Discovery of the ten-eleven translocation 1 (TET) methylcytosine dioxygenase family of enzymes, nearly 10 years ago, heralded a major breakthrough in understanding the epigenetic modifications of DNA. Initially described as catalyzing the oxidation of methyl cytosine (5mC) to hydroxymethyl cytosine (5hmC), it is now clear that these enzymes can also catalyze additional reactions leading to active DNA demethylation. The association of TET enzymes, as well as the 5hmC, with active regulatory regions of the genome has been studied extensively in embryonic stem cells, although these enzymes are expressed widely also in differentiated tissues. However, TET1 and TET3 are found as various isoforms, as a result of utilizing alternative regulatory regions in distinct tissues. Some of these isoforms, like TET2, lack the CXXC domain which probably has major implications on their recruitment to specific loci in the genome, while in certain contexts TET1 is seen paradoxically to repress transcription. In this review we bring together these novel aspects of the differential regulation of these Tet isoforms and the likely consequences on their activity.

An epigenetic switch repressing Tet1 in gonadotropes activates the reproductive axis.

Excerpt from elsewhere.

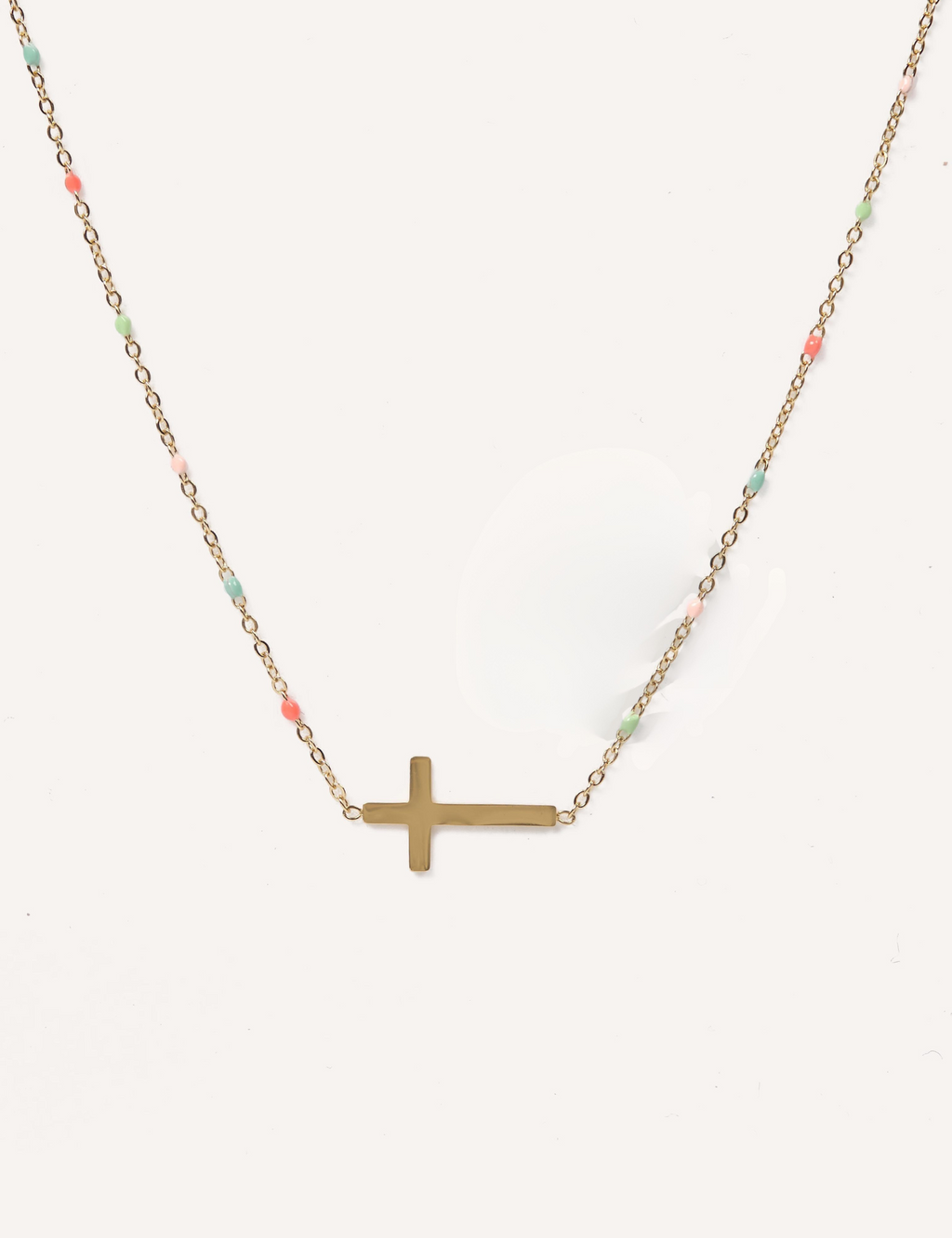 Collana con croce orizzontale e perline colorate – Eterea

The TET enzymes catalyze conversion of 5-methyl cytosine (5mC) to 5-hydroxymethyl cytosine (5hmC) and play important roles during development. TET1 has been particularly well-studied in pluripotent stem cells, but Tet1-KO mice are viable, and the most marked defect is abnormal ovarian follicle development, resulting in impaired fertility. We hypothesized that TET1 might play a role in the central control of reproduction by regulating expression of the gonadotropin hormones, which are responsible for follicle development and maturation and ovarian function. We find that all three TET enzymes are expressed in gonadotrope-precursor cells, but Tet1 mRNA levels decrease markedly with completion of cell differentiation, corresponding with an increase in expression of the luteinizing hormone gene, Lhb We demonstrate that poorly differentiated gonadotropes express a TET1 isoform lacking the N-terminal CXXC-domain, which represses Lhb gene expression directly and does not catalyze 5hmC at the gene promoter. We show that this isoform is also expressed in other differentiated tissues, and that it is regulated by an alternative promoter whose activity is repressed by the liganded estrogen and androgen receptors, and by the hypothalamic gonadotropin-releasing hormone through activation of PKA. Its expression is also regulated by DNA methylation, including at an upstream enhancer that is protected by TET2, to allow Tet1 expression. The down-regulation of TET1 relieves its repression of the methylated Lhb gene promoter, which is then hydroxymethylated and activated by TET2 for full reproductive competence.